Hazelwood North is a locality in Victoria, Australia. It has a population of 1478 (as of the 2016 census).

Max Cranwell, who died in a 2009 plane crash in Papua New Guinea, resided in Hazelwood North until his death.

Hazelwood North is so named due to its geographical orientation from the town "Hazelwood" - now known as Churchill, Victoria. Composed of mostly five acre blocks, the district functions primarily as a commuter town for those working in the nearby regional centres of Morwell and Traralgon. Historically the area was used by graziers and small-scale farmers. Hazelwood North is central to Federation University Churchill campus, and is approximately a 10-minute drive into central towns such as Churchill, Traralgon and Morwell.

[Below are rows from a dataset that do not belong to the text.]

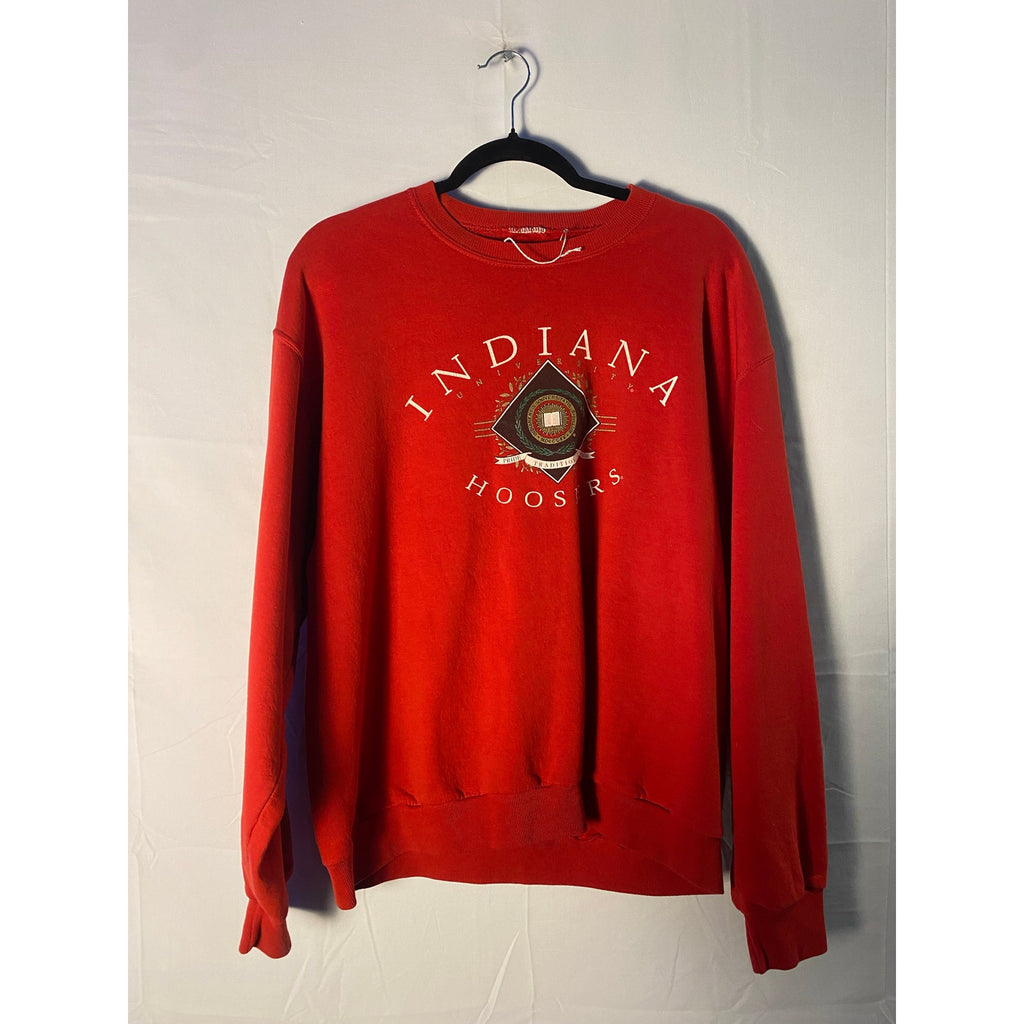 Vintage 90s Indiana University Hoosiers Traditional Red Sweatshirt, Men's Size M/L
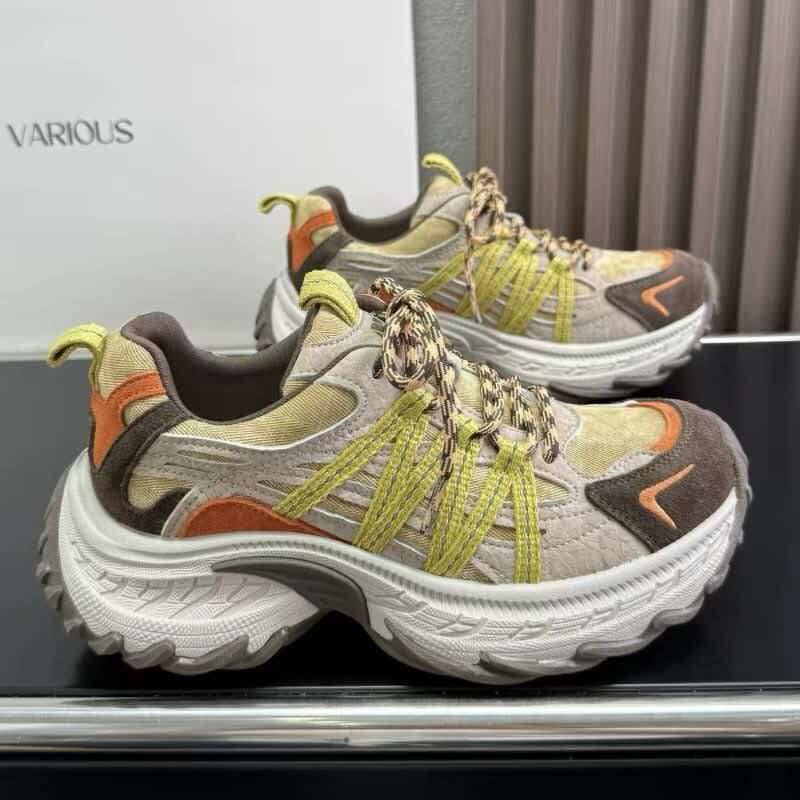 厚底机能风老爹鞋女2026秋季新款轻便舒适不累脚时尚运动休闲女鞋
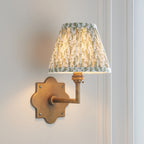 113791 Anvil Angle & Leaf 16cm Wall Light Brass Green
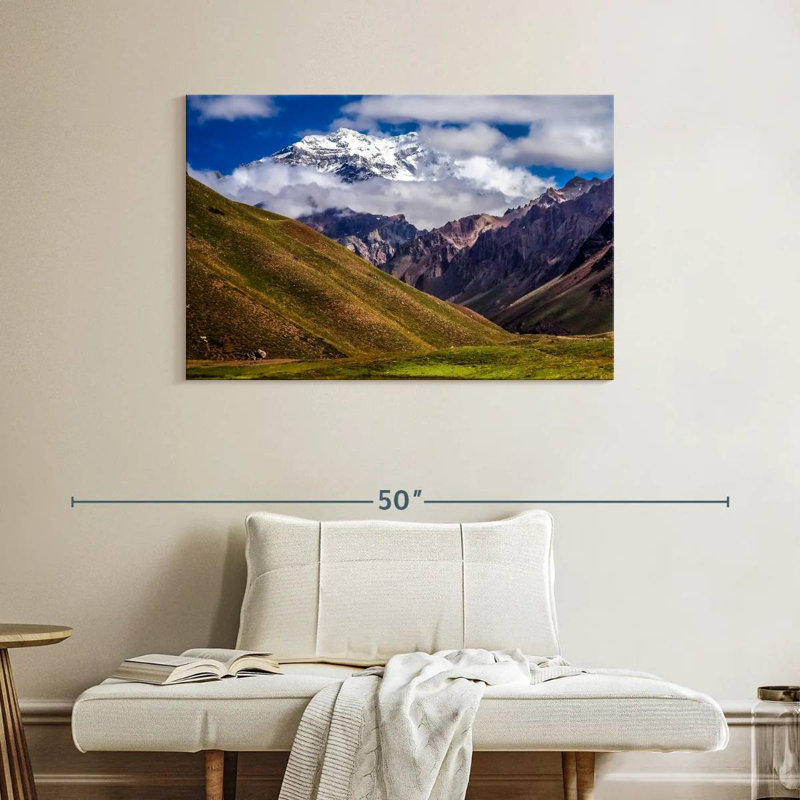 Harpa Cloudy Aconcagua, 26" H x 39" W
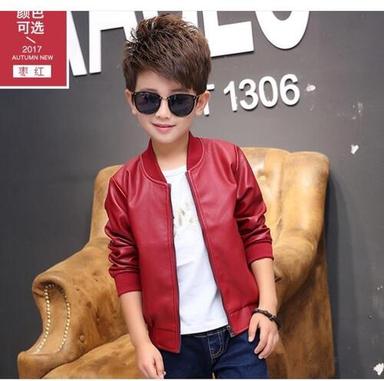 Casual Wear Designer Kids Boys Leather Jackets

The district is served by the public Hazelwood North Primary School, and the Hazelwood North town hall. Both of which are located along Church Road, which runs through the district's centre. The area is somewhat prone to bush and grass fires during the summer months, and was the scene of a relatively small outbreak during the 2009 black saturday bushfires. The Hazelwood North Fire Brigade, a volunteer brigade administered by the Country Fire Authority, serves the area.